Yargıtay Kararı 12. Hukuk Dairesi 2018/15381 E. 2018/13929 K. 20.12.2018 T.

YARGITAY KARARI
DAİRE : 12. Hukuk Dairesi
ESAS NO : 2018/15381
KARAR NO : 2018/13929
KARAR TARİHİ : 20.12.2018

MAHKEMESİ :İcra Hukuk Mahkemesi

Yukarıda tarih ve numarası yazılı mahkeme kararının onanmasını mutazammın 18/09/2017 tarihli ve 2016/19125 Esas – 2018/10837 Karar sayılı Daire ilamının müddeti içinde tashihen tetkikinin borçlu tarafından istenmesi üzerine bu işle ilgili dosya mahallinden Daireye gönderilmiş olup, dava dosyası için Tetkik Hakimi … tarafından düzenlenen rapor dinlendikten ve dosya içerisindeki tüm belgeler okunup incelendikten sonra işin gereği görüşülüp düşünüldü :
Alacaklı tarafından bonoya dayalı olarak kambiyo senetlerine mahsus haciz yolu ile başlatılan takipte, borçlunun borca itiraz ettiği, mahkemece davanın reddine karar verildiği görülmektedir.
İİK’nun 170/a-2. maddesi gereğince; icra mahkemesi, yasal sürede yapılan itiraz veya şikayet nedeniyle icra mahkemesine intikal eden işlerde, öncelikle, takip dayanağı senedin kambiyo vasfında olup olmadığını veya alacaklının kambiyo senetlerine özgü haciz yolu ile takip hakkının bulunup bulunmadığını re’sen inceleyerek takibin iptaline karar verebilir.
Takip dayanağı senedin tanzim tarihi itibariyle uygulanması gereken 6762 sayılı TTK’nun 688/6. maddesine göre; bononun, kambiyo senedi vasfını taşıyabilmesi için, tanzim yeri unsurunu ihtiva etmesi gereklidir.

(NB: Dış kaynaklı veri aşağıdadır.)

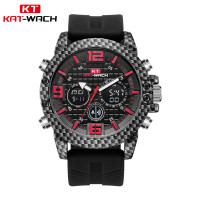 uploads/erp/collection/images/Watches/Taihe/XU0222488/img_b/img_b_XU0222488_3_mBeC0ZpraD5_0gyB_yEnpLVBMbroANdQ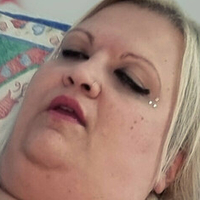 doughbellygirl Alaston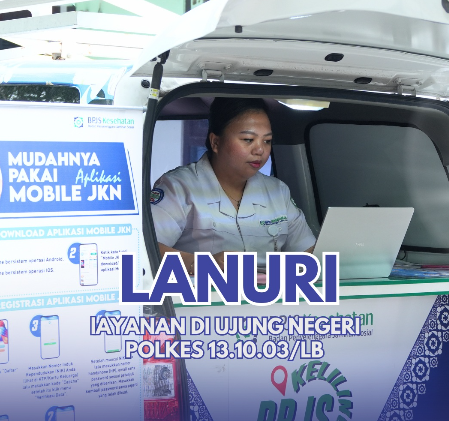 Dokumentasi Visual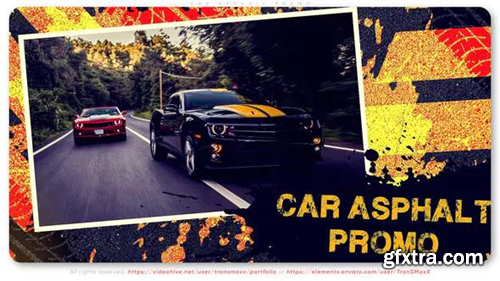 image_preview image_preview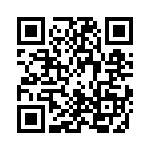 0216-160TXP QRCode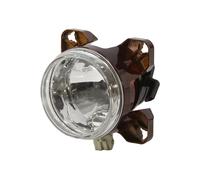 HELLA 1K0 158 059-061 Optique, phare longue portée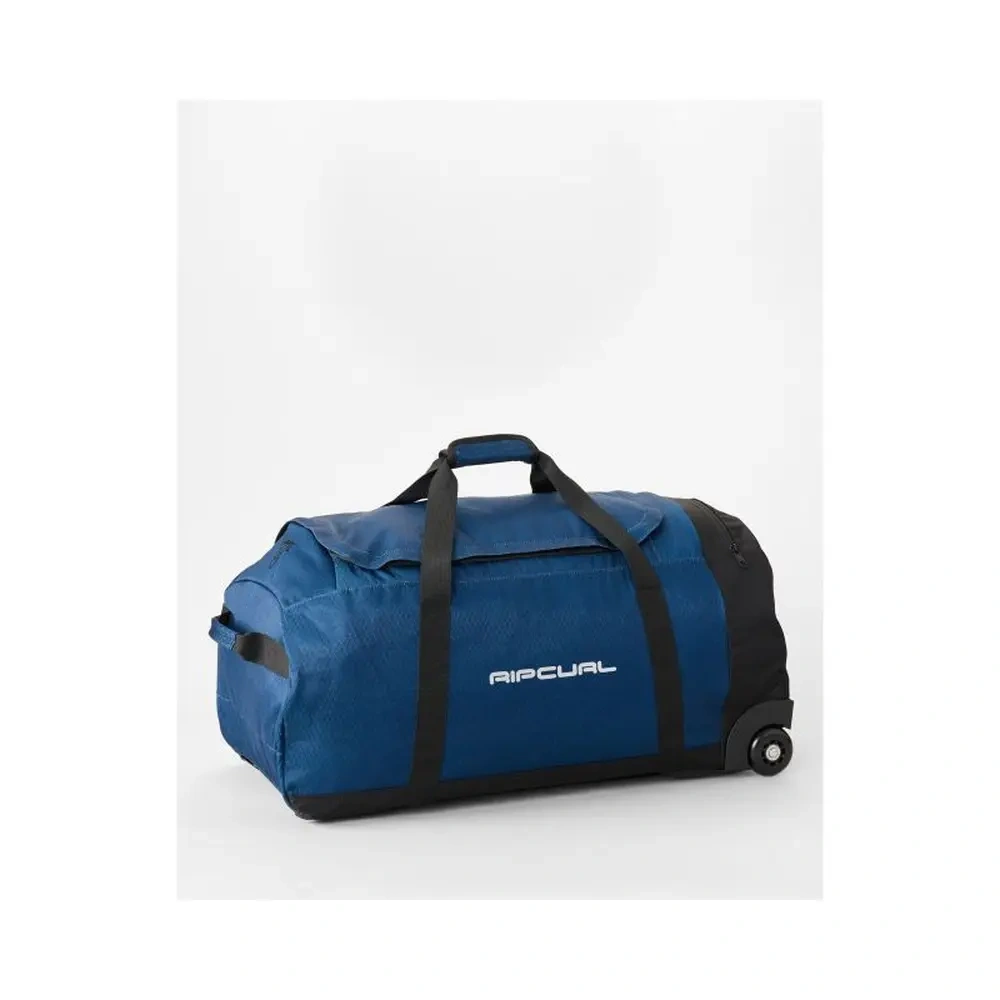 xlarge-clean_d64bbc02d671aecb.webp
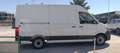 Volkswagen Crafter 2.0 L3 H3 Bianco - thumbnail 4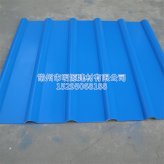 電木浪板 防腐板 防腐節能板 非金屬浪板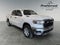 2026 RAM Ram 1500 RAM 1500 TRADESMAN CREW CAB 4X4 5'7' BOX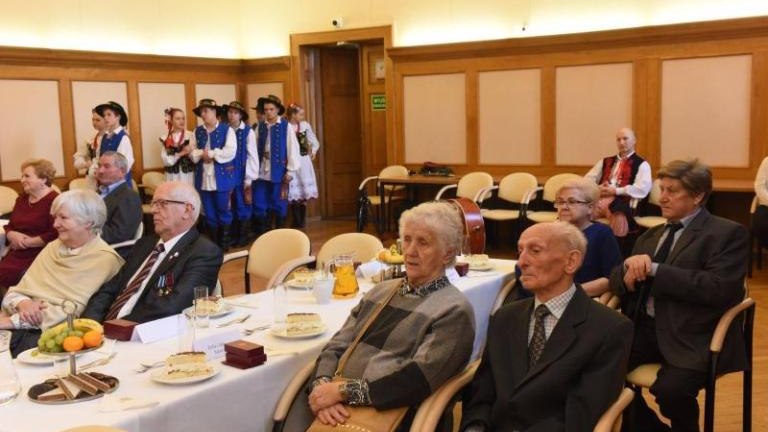 Jubileusz 50-lecia małżeństwa_wieliczka 2019 - 047.jpg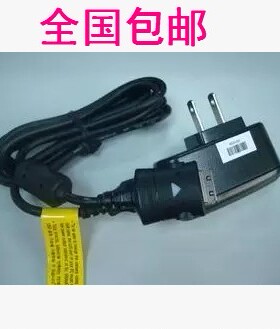 原装三星蓝调i5 i50 i6 i7 i70 i85 NV18 NV20相机充电器和数据线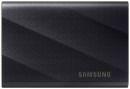 Samsung-4TB-T9-Portable-SSD-Black Sale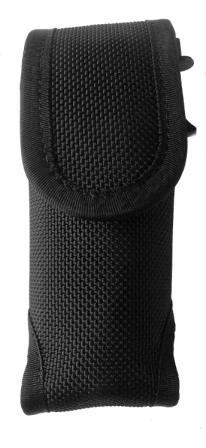 *NC309-F-T HS NYLON H.B. (OVERSTOCK/CLOSEOUT)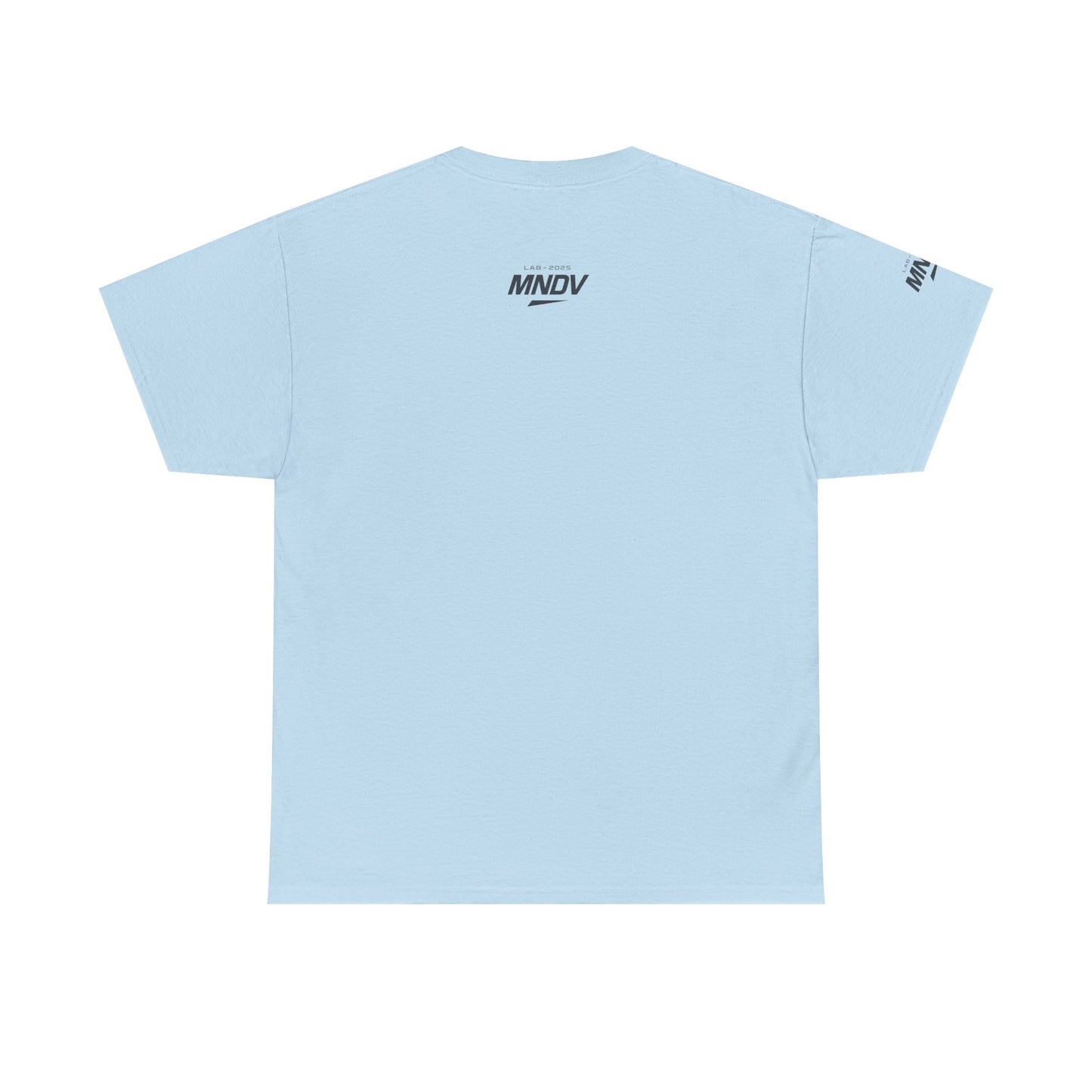 MINDOVA Tech Tee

Aynı Kanun’un 689/son maddesine göre ise, tanzim edildiği yer gösterilmeyen bir bononun, tanzim edenin ad ve soyadı yanında yazılı olan yerde tanzim edilmiş sayılacağı hükme bağlanmıştır. HGK’nun 02.10.1996 tarih ve 1996/12-590 sayılı kararında da benimsendiği üzere, tanzim yeri olarak idari birim adının yazılması yeterli ve zorunlu olup, ayrıca adres gösterilmesi mecburiyeti bulunmamaktadır.
Somut olayda, takip dayanağı senette düzenlenme yerinin olmadığı, düzenleyenin adı soyadı yanında bir idari birim de belirtilmediğinden, düzenlenme yeri bulunmayan bu belgenin kambiyo vasfını haiz olmadığı anlaşılmaktadır.
O halde, mahkemece, İİK’nun 170/a-2. maddesi gereğince re’sen takibin iptaline karar verilmesi gerekirken, açıklanan bu husus gözardı edilerek eksik inceleme ile yazılı şekilde sonuca gidilmesi isabetsiz olup, Dairemizce kararın belirtilen nedenle bozulması gerekirken, onandığı anlaşılmakla borçlunun karar düzeltme isteminin kabulü gerekmiştir.
SONUÇ: Borçlunun karar düzeltme isteminin kabulü ile Dairemizin 18/09/2017 tarih ve 2016/19125 Esas–2018/10837 Karar sayılı onama ilâmının kaldırılmasına, mahkeme kararının yukarıda yazılı nedenlerle İİK’nun 366 ve HUMK’nun 428. maddeleri uyarınca (BOZULMASINA), 20/12/2018 gününde oybirliğiyle karar verildi.